The Rays need to hang on to the mental toughness they showed in Game 7

Tampa Bay let Houston take control early in their earlier losses, so they flipped the script in Game 7 and jumped out to a 2-0 lead with a first-inning home run from Arozarena. It was his seventh of the postseason, which is a record for a rookie.

Zunino smacked a solo home run in the second inning to add to the advantage.

Meanwhile, Morton was dealing from the mound. He allowed just two hits and struck out six batters as he pitched into the fifth inning.

That’s when manager Kevin Cash took a risk. For the second game in a row, he pulled the starter in the middle of a shutout, to the despair of many a Rays fan and the delight of the Astros. When he did that to Blake Snell on Friday night it ended in disaster.

This time, it turned out alright. Zunino popped up a sacrifice fly to score Ji-Man Choi in the sixth while the bullpen held on.

Things got nervy in the eighth. Carlos Correa’s two-run single put Houston within striking distance as the final inning loomed.

Peter Fairbanks set Yuli Gurriel to take first base on a single, but he took care of business and a pop fly from Aledmys Diaz ended it.

The series should have been simple for the Rays. They’d had the better record in the regular season and proved their chops by taking a 3-0 lead over the Astros in the opening three games.

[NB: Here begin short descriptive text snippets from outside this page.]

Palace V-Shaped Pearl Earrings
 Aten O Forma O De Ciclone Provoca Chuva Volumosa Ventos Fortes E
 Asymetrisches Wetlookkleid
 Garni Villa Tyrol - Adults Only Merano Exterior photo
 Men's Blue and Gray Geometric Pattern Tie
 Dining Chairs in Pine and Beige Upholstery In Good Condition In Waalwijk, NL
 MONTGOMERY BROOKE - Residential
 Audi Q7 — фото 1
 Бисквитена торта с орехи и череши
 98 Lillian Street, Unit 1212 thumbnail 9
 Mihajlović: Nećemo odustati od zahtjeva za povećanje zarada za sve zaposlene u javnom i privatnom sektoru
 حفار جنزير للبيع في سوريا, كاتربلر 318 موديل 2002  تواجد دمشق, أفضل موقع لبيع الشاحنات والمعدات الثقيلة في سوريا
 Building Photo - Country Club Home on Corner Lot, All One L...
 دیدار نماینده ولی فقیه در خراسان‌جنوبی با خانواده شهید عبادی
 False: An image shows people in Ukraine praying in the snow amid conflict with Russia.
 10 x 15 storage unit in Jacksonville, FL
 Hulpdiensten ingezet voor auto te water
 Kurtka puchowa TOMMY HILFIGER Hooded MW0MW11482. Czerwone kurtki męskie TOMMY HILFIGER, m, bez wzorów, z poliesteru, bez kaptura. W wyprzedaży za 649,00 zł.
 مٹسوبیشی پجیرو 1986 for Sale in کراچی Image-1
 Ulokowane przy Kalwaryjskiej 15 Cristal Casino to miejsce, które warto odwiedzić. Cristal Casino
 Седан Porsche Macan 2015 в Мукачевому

All they needed was one win in the last four games. When they lost Game 4, 4-3, it was no biggie. Losing Game 5, 4-3, raised some concerns. Then they blew Game 6, allowing Houston to become only the second-ever team to force a Game 7 in MLB history. The other team? The 2004 Red Sox, only they didn’t just force a Game 7, they won it.

The Rays didn’t want to become the next Yankees, who they had just dispatched in five games in the ALDS. They avoided such a fate.

Now, they need to find a way to avoid the following too closely in the footsteps of their 2008 predecessors, who made it to the World Series but lost in five games to the Phillies.